Rhetorical Analysis Timed Writing

Rhetorical Analysis

So what? So what if I drive my car to my neighbor’s house instead of walking? So what if I leave the water running when I brush my teeth? So what if I buy make up and food that has palm oil in the ingredients? What difference could my little footprint really have? A lot. New York Times columnist Thomas L. Friedman writes a column on the alarming rate in which our natural recourses and spectacular wild life is decreasing. In the day and age of gasoline guzzlers, unrecycled recyclable waste, and poaching, Friedman points out that humans “will become just another bad biological experiment” (Friedman). The Pulitzer Prize winner, National Book Award recipient and Oxford scholar appeals to pathos and uses juxtaposition to convey to his reader the imperativeness of not waiting a second longer to do something about saving our planet from the only real monsters there are: ourselves.

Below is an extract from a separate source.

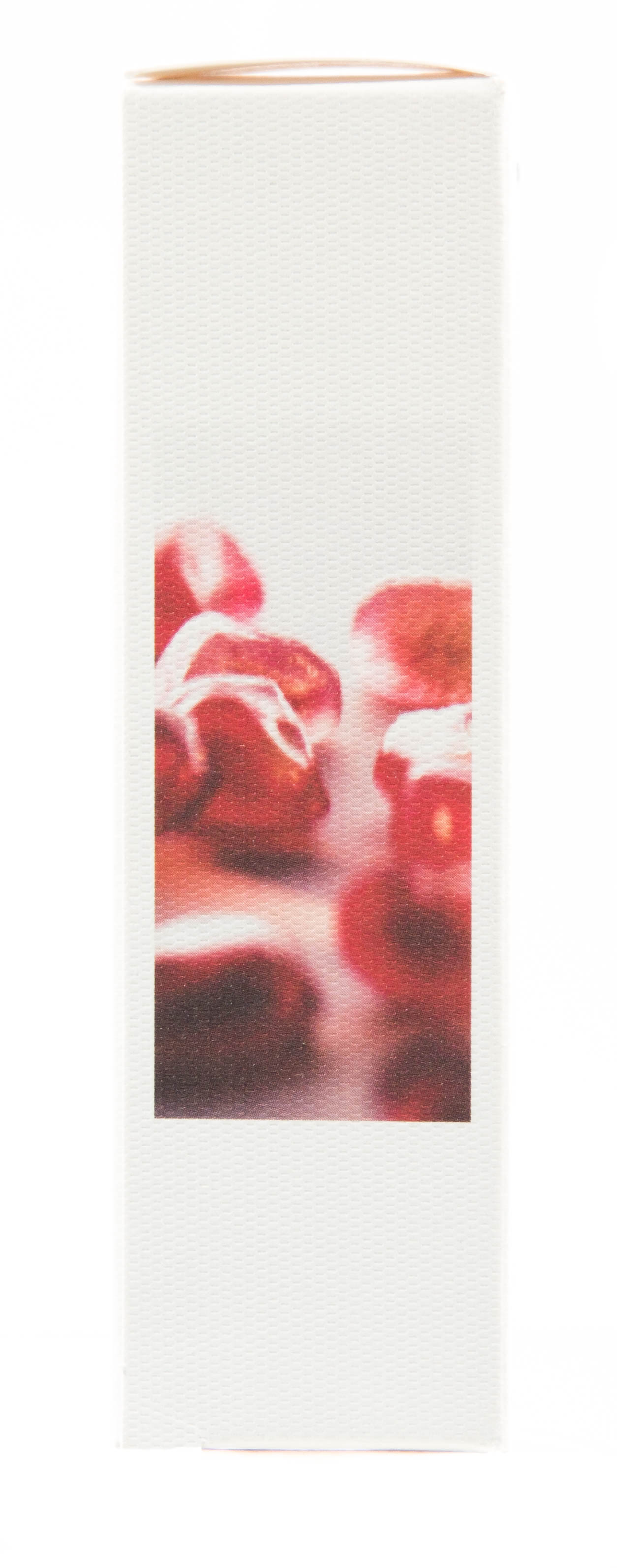 Коррес Очищающая маска с гранатом для жирной кожи 16 мл (Korres, Korres Ежедневное Очищение) фото 3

Friedman uses juxtaposition to convey the state our world is in. He compares the real world to the world of the screen that today’s youth lives in. He strengthens his argument by making comparisons that everyone can relate to such as saying “dumping Amazon words for Amazon.com words”. This hits home with the reader as it makes the reader evaluate priorities: is internet shopping more important than our earth?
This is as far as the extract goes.